165.En ce qui concerne les coûts d'exploitation, ainsi que l'X l'a relevé dans la décision attaquée, les informations à communiquer ne dévoilent pas, compte tenu de leur haut degré d'agrégation, d'informations sur la stratégie de déploiement de lignes FttH de la société Orange, ni d'éléments sur son niveau d'activité, sa stratégie financière, industrielle ou commerciale.
166.En ce qui concerne les coûts d'investissement, les informations à communiquer ne portent que sur leur montant global, totalement agrégé, sur chacun des trois segments du réseau de lignes FttH, sans que soit exigé aucun autre détail sur les détails de ces coûts tenant, par exemple, aux coûts de chacun des équipements, aux coûts de main d'oeuvre, aux coûts de réalisation de chacun élément d'infrastructure ou aux coûts des études.
167.La société Orange ne peut donc valablement soutenir que l'obligation qui lui est imposée de transmettre ces informations à la société Free porterait atteinte au secret des affaires.
168.À cet égard, elle n'apporte pas d'élément probant à l'appui de son affirmation selon laquelle ces informations permettraient à la société Free de connaître les coûts et conditions dans lesquelles elle fait appel à la sous-traitance. À l'inverse, ainsi que l'observe l'X, par leur caractère fortement agrégé, les données relatives aux dépenses d'exploitation et de maintenance, qui portent sur l'ensemble de la zone AMII, ne permettent nullement d'en déduire les coûts de sous-traitance qui en sont une composante, faute de connaître la proportion dans laquelle il y est fait appel, ni de connaître les conditions individuelles négociées entre la société Orange et ses sous-traitants.
169.Dès lors, et contrairement à ce que prétend la société Orange, force est de constater que la décision attaquée n'instaure pas une transparence généralisée et, pour cette raison, n'est en rien susceptible de porter atteinte à l'équilibre concurrentiel du marché ou d'emporter un effet restrictif de concurrence.
170.Enfin, c'est en vain que la société Orange soutient que le Conseil d'État aurait jugé que ses coûts, en tant qu'opérateur, seraient couverts par le secret des affaires et, en conséquence, ne pourraient être transmis à un tiers. En effet, dans l'arrêt qu'elle invoque, le Conseil d'État a approuvé le tribunal administratif de Paris d'avoir jugé qu'étaient protégés par le secret industriel et commercial des documents « relatifs au détail des coûts » permettant à l'opérateur de déterminer les prix de ses offres de gros (C. E., 21 avril 2017, Sté FM Projet, n° 394606), alors que, précisément, les informations à communiquer dans la présente affaire n'ont, comme la cour l'a établi, aucun caractère détaillé.
171.Le moyen de la société Orange est donc rejeté, ainsi, en conséquence, que son recours.

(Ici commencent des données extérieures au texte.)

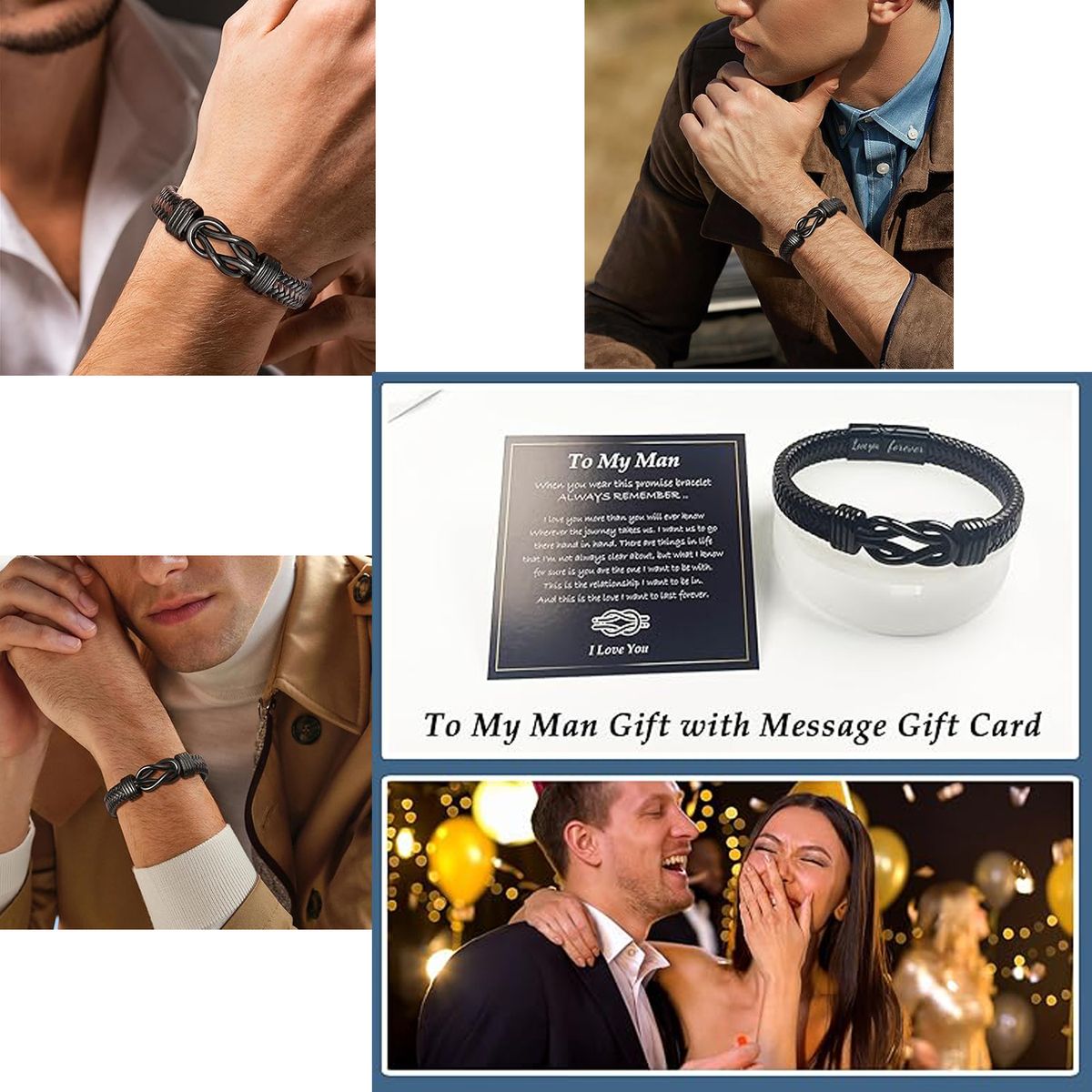 Cart In Mart Men's Leather Bracelet Magnetic Lock Love You Forever Romantic Gift for Him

III. SUR LES DÉPENS ET LA DEMANDE DE CONDAMNATION AU TITRE DE L'ARTICLE 700 DU CODE DE PROCÉDURE CIVILE
172.L'équité ne commande pas de faire application de l'article 700 du code de procédure civile.
173.La société Orange, qui succombe, est condamnée aux dépens.
PAR CES MOTIFS
REJETTE le recours formé par la société Orange contre la décision de l'Autorité de régulation des communications électroniques et des postes n° 2018-0569- RDPI du 17 mai 2018 se prononçant sur une demande de règlement de différend opposant la société Free et la société Orange ;
REJETTE les demandes de condamnation au titre de l'article 700 du code de procédure civile ;
CONDAMNE la société Orange aux dépens de l'instance.